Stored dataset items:
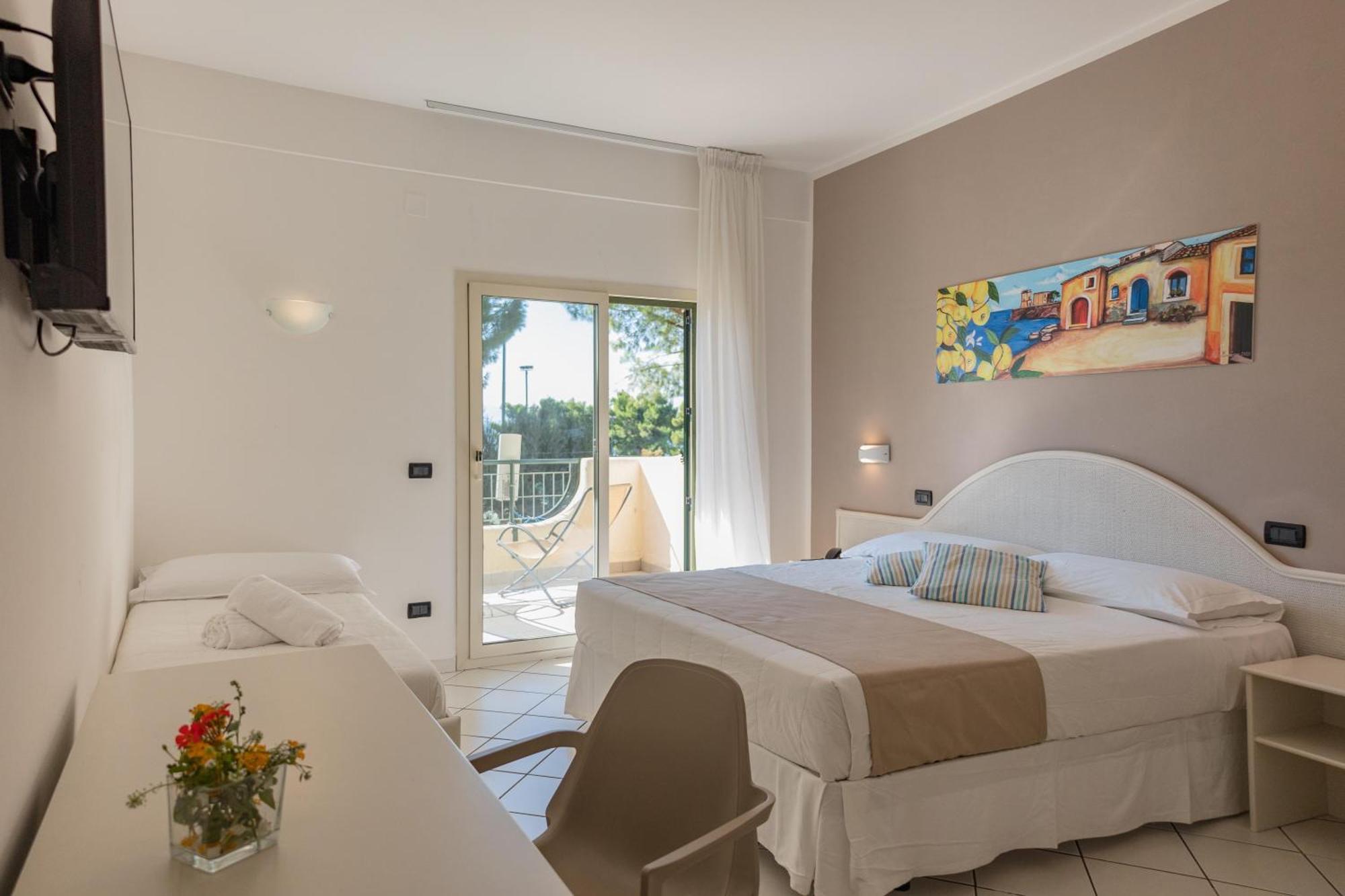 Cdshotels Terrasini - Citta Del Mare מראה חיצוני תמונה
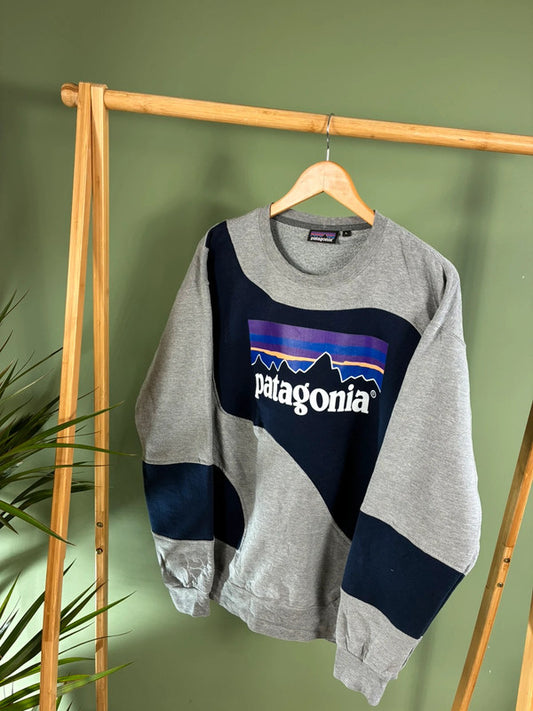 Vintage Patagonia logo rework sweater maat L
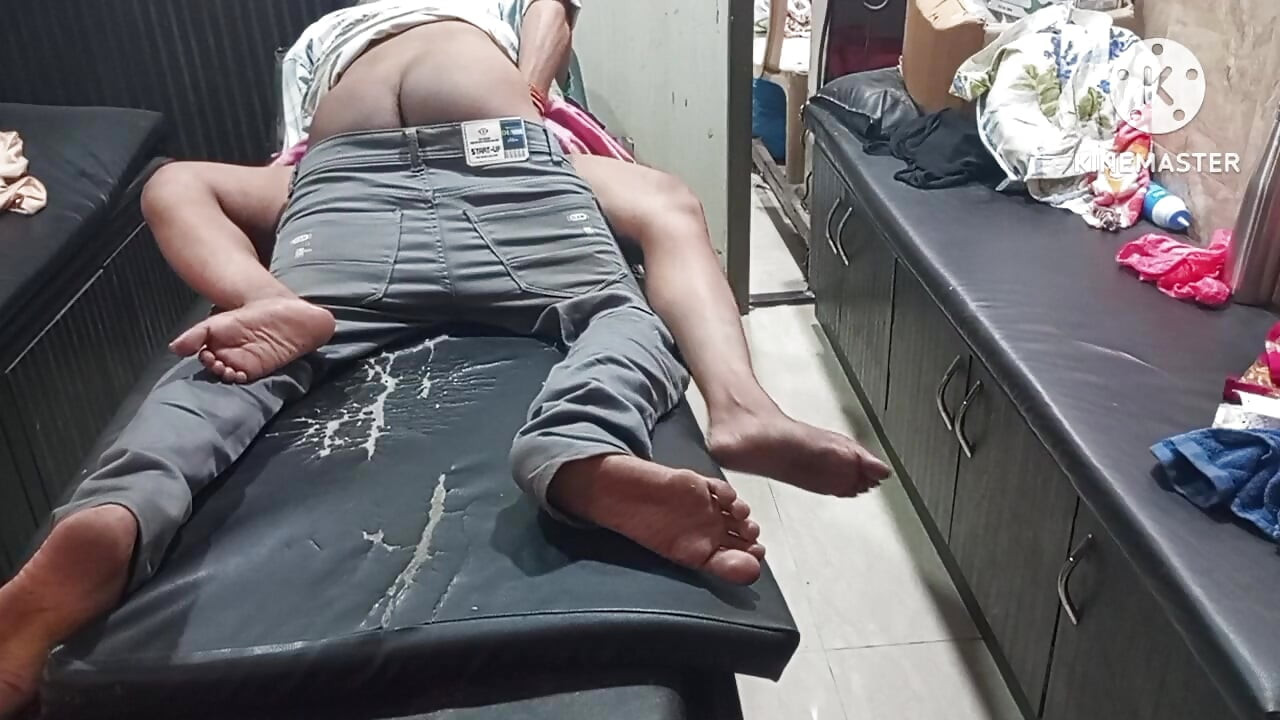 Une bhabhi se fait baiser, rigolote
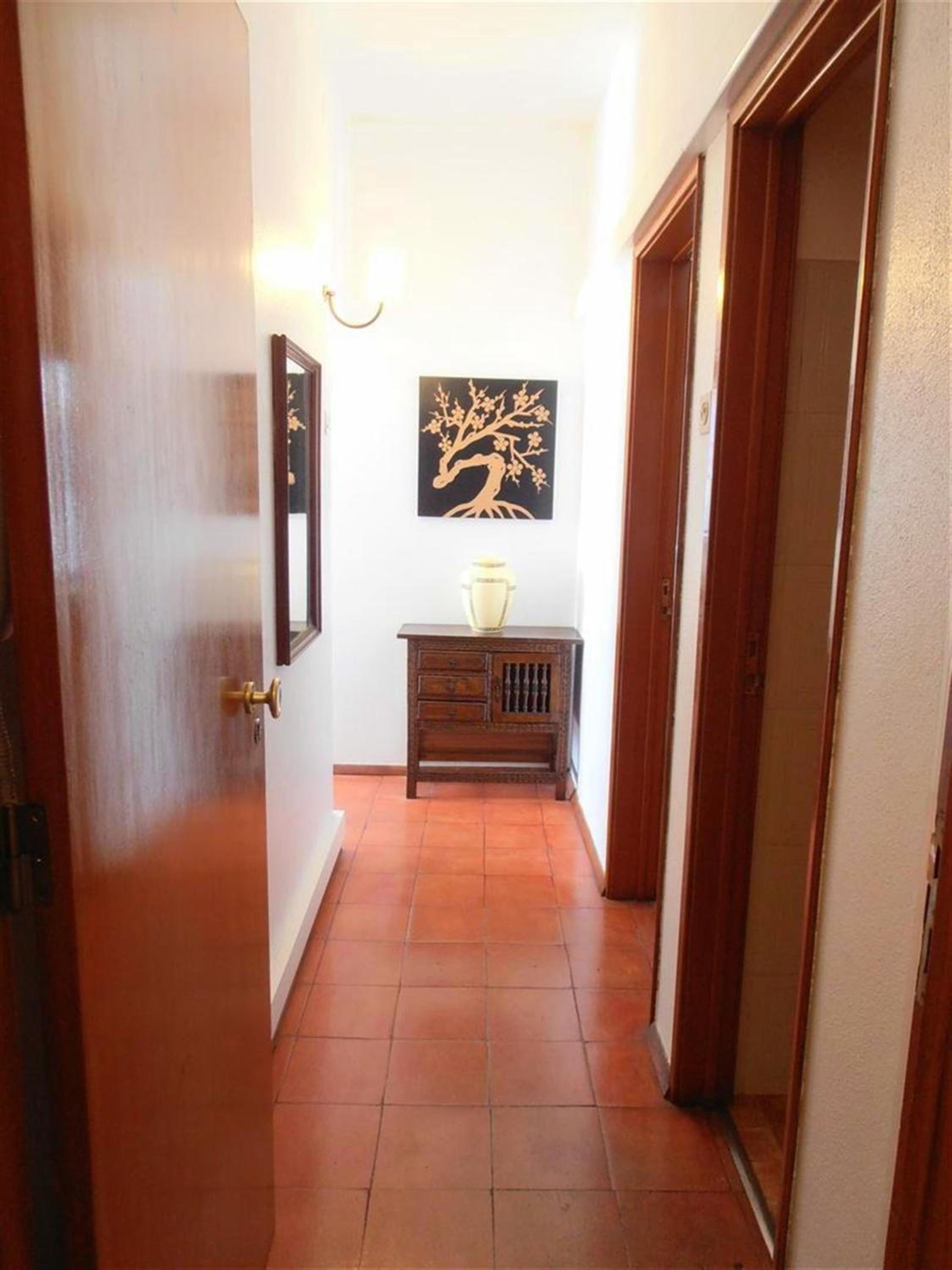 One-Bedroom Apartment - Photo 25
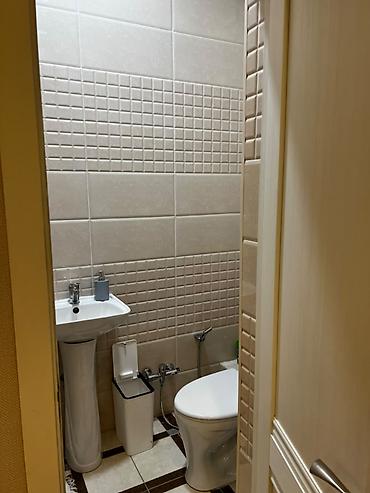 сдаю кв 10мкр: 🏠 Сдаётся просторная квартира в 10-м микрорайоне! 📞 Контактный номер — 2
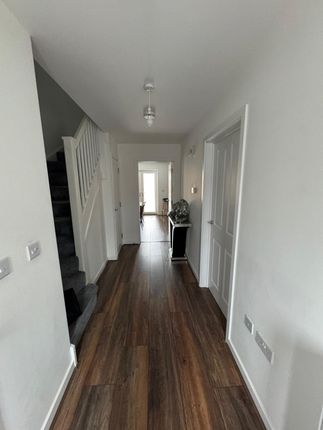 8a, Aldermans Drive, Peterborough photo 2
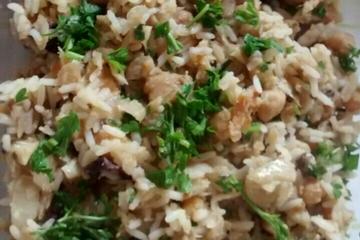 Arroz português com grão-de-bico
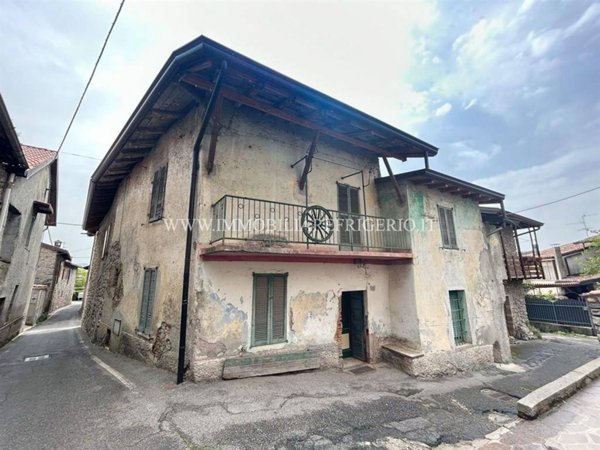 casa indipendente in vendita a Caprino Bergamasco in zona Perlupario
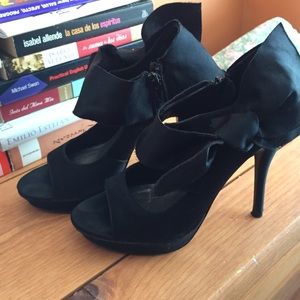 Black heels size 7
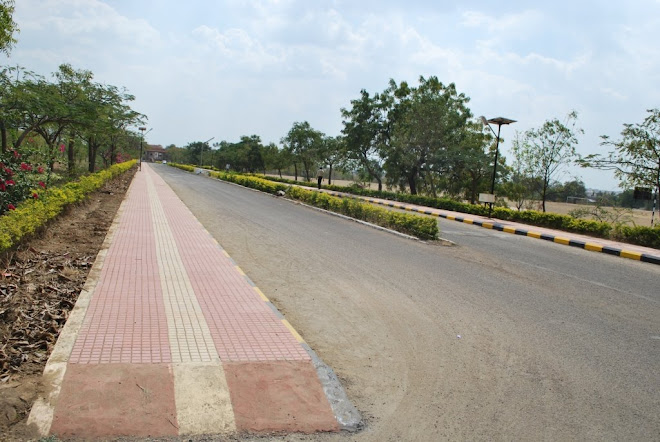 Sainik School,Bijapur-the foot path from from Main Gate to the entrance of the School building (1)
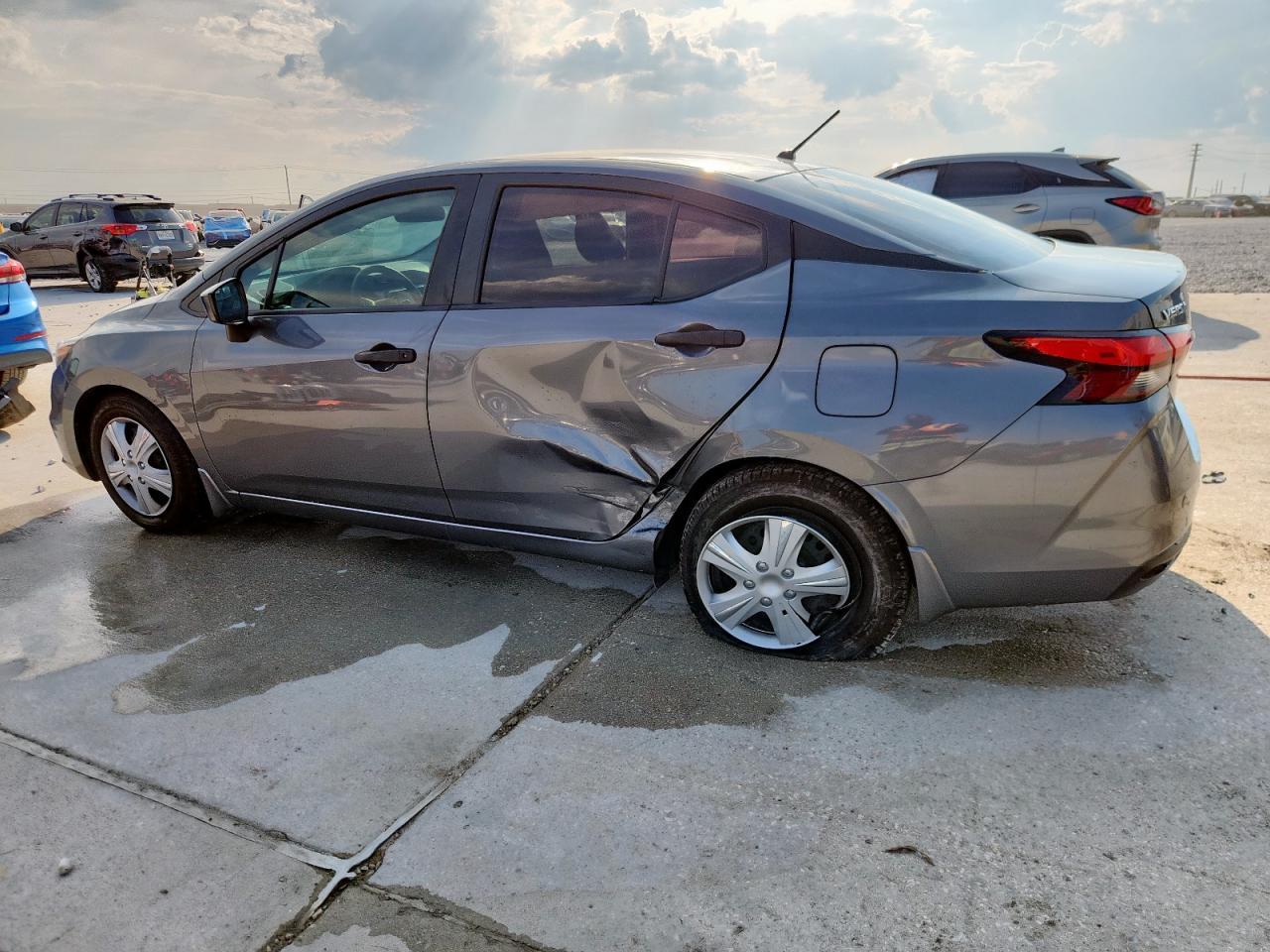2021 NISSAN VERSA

## Task directions:
Your task is to give again, unchanged, the lines from the line that contains "Sainik School,Bijapur-the foot" to the end of the records. Include both end lines but no pictures.

## Answer box:
 Sainik School,Bijapur-the foot path from from Main Gate to the entrance of the School building (1)
2021 NISSAN VERSA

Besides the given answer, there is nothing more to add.